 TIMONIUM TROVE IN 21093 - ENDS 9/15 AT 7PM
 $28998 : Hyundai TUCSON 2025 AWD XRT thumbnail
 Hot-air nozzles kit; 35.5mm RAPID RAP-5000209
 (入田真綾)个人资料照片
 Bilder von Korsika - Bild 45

==

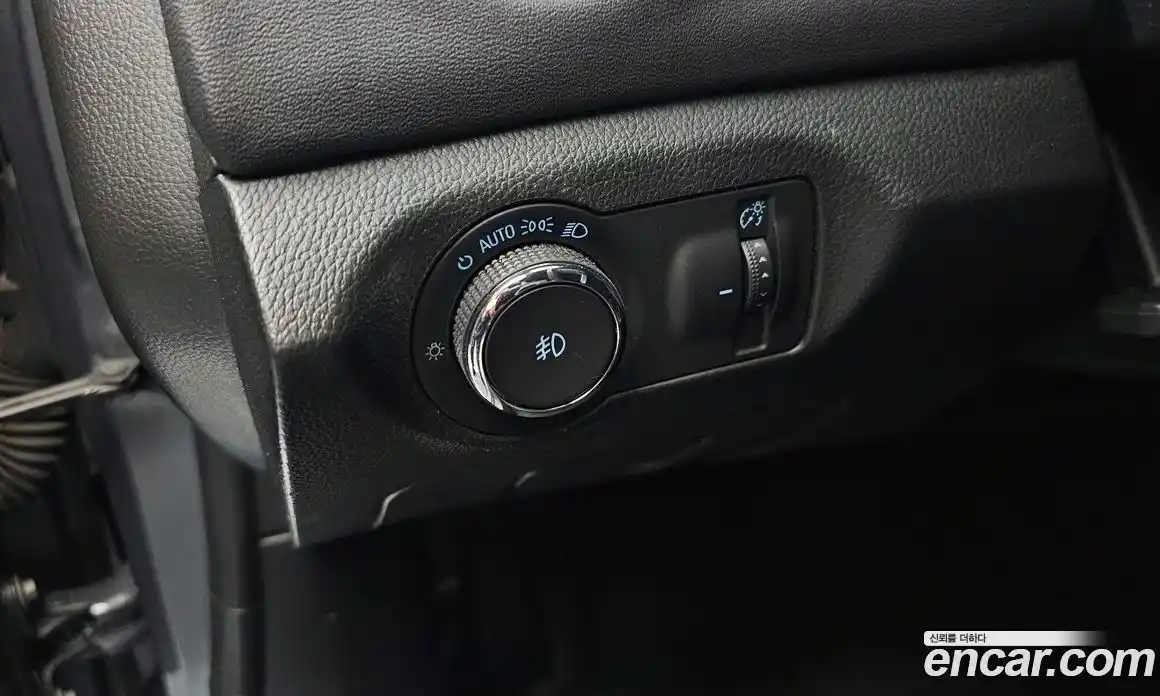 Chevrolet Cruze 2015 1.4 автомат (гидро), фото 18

*REQUIRED WORK*: In the listing above, find the line containing "TIMONIUM TROVE IN 21093 - ENDS 9/15 AT 7PM" and the line containing "Bilder von Korsika - Bild 45", then retype both and every line between them exactly, with nothing else.

*TASK RESPONSE*:
 TIMONIUM TROVE IN 21093 - ENDS 9/15 AT 7PM
 $28998 : Hyundai TUCSON 2025 AWD XRT thumbnail
 Hot-air nozzles kit; 35.5mm RAPID RAP-5000209
 (入田真綾)个人资料照片
 Bilder von Korsika - Bild 45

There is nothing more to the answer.